**EXERCISE REQUIREMENTS**
With the pictures left out, write out the records verbatim.

◆ ◆ ◆ ◆ ◆

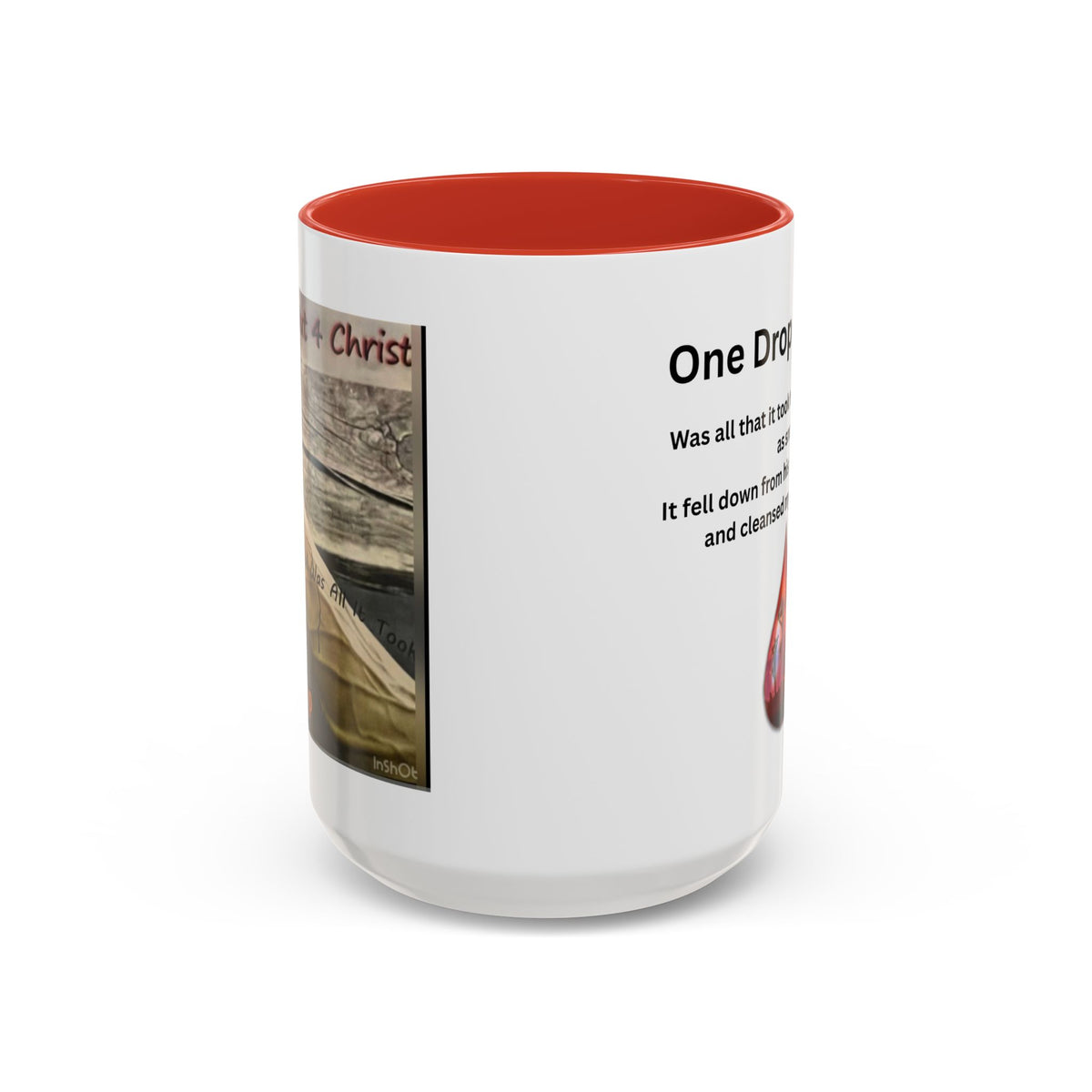 One Drop Accent Coffee Mug (11, 15oz)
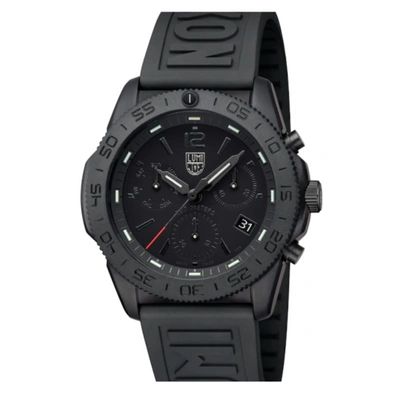 Pre-owned Luminox Xs.3141.bo Pacific Diver All Black Rubber Diver Watch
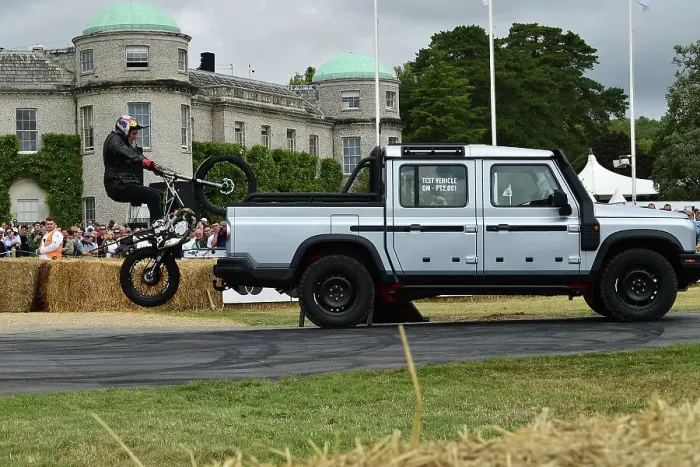 Rights Managed : CM34 8757 INEOS Grenadier Quartermaster, Dougie Lampkin Rights Managed : CM34 8757 INEOS Grenadier Quartermaster, Dougie Lampkin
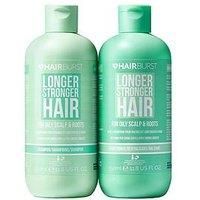 HAIRBURST Shampoo & Conditioner Set for Oily Hair - Deep Cleansing, Purifying & Hydrating with Tropical Aroma - Promotes Hair Growth, Reduces Hair Loss - Free of SLS, Silicones & Parabens - Made in UK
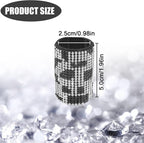 Upright Car Chapstick Holder, Bling Insulating Lip Balm Holder,Rhinestone Car Accessories for Women Interior,Suitable for Most Vehicles. (Cow)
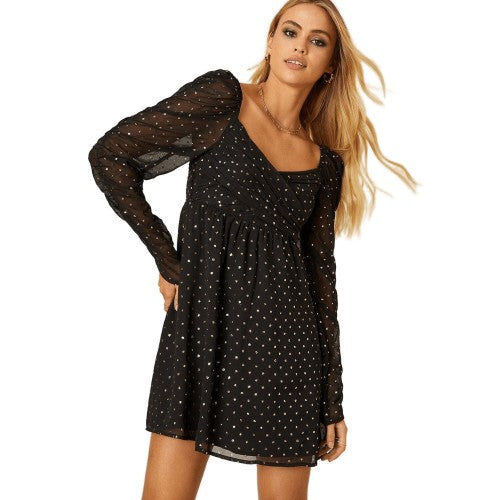 Front - Dorothy Perkins Womens/Ladies Spotted Glitter Babydoll Dress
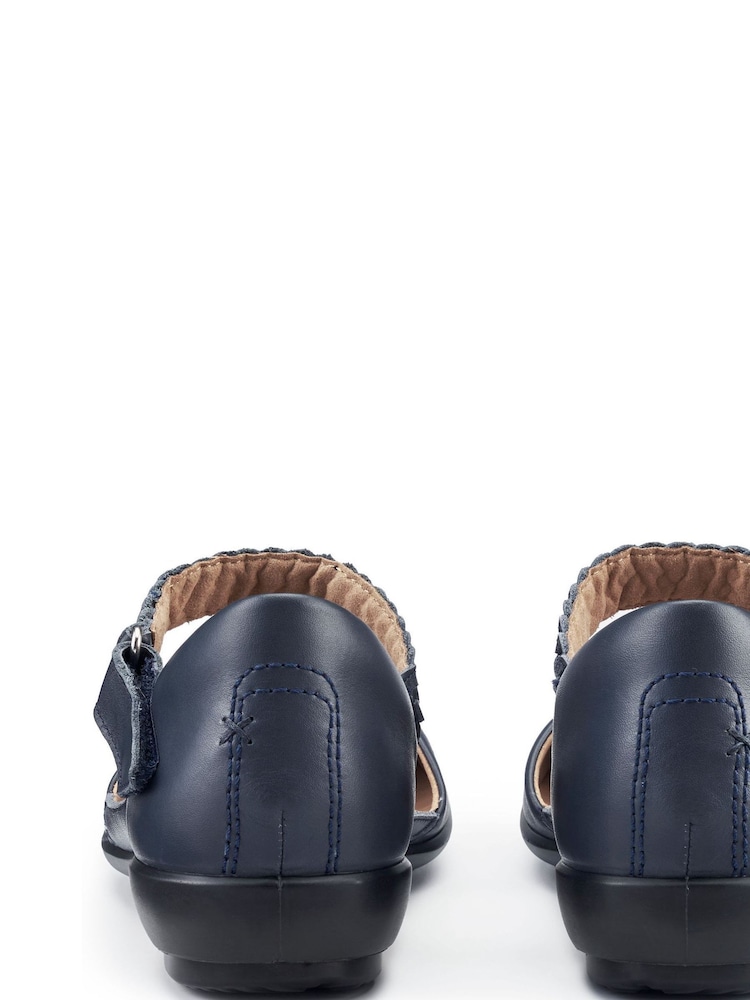 Hotter Blue Wide Fit Lake Touch Fastening Shoes - Image 3 of 4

◆ ◆ ◆ ◆ ◆

**RESPONSE FOR THIS EXERCISE**
 One Drop Accent Coffee Mug (11, 15oz)
 Pre-owned Luminox Xs.3141.bo Pacific Diver All Black Rubber Diver Watch
 Rights Managed : CM34 8757 INEOS Grenadier Quartermaster, Dougie Lampkin Rights Managed : CM34 8757 INEOS Grenadier Quartermaster, Dougie Lampkin
 HAIRBURST Shampoo & Conditioner Set for Oily Hair - Deep Cleansing, Purifying & Hydrating with Tropical Aroma - Promotes Hair Growth, Reduces Hair Loss - Free of SLS, Silicones & Parabens - Made in UK
 Upright Car Chapstick Holder, Bling Insulating Lip Balm Holder,Rhinestone Car Accessories for Women Interior,Suitable for Most Vehicles. (Cow)
 Front - Dorothy Perkins Womens/Ladies Spotted Glitter Babydoll Dress
 Hotter Blue Wide Fit Lake Touch Fastening Shoes - Image 3 of 4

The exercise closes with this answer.